Gracias a esa voluntad divina, los seres humanos pueden convertirse en aliados fieles y formar parte de la Nueva y Eterna Alianza con el Señor.
El Señor Jesús es nuestra redención y nuestra santificación, él es nuestra purificación. Y aunque nuestra fuerza no es suficiente, gracias a su redención podemos alcanzar la perfección y la felicidad en nuestras vidas.

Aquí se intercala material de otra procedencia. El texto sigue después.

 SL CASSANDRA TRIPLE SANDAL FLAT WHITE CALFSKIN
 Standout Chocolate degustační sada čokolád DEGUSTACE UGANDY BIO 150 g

Pensemos en este milagro. Jesús se nos entrega en el sacramento de la Eucaristía, y cuando lo recibimos, nos transformamos en un solo cuerpo con él. Somos el uno para el otro y somos parte de esa nueva y eterna alianza, y por lo tanto podemos alcanzar la plenitud. Podemos ser el amigo perfecto, la madre perfecta, el esposo perfecto, y el sacerdote perfecto, etc. Es decir, nos transformamos en lo que Dios quería de nosotros.
Este domingo celebramos la alianza del ser humano con Cristo, y cuando él pregunta: ¿Dónde está la sala para celebrar esta alianza? Podemos responderle: “Aquí tienes la sala de mi vida, está disponible para ti. No es perfecta, está un poco desorganizada, necesita reparaciones, pero está disponible para ti si quieres celebrar la Pascua con tus discípulos.”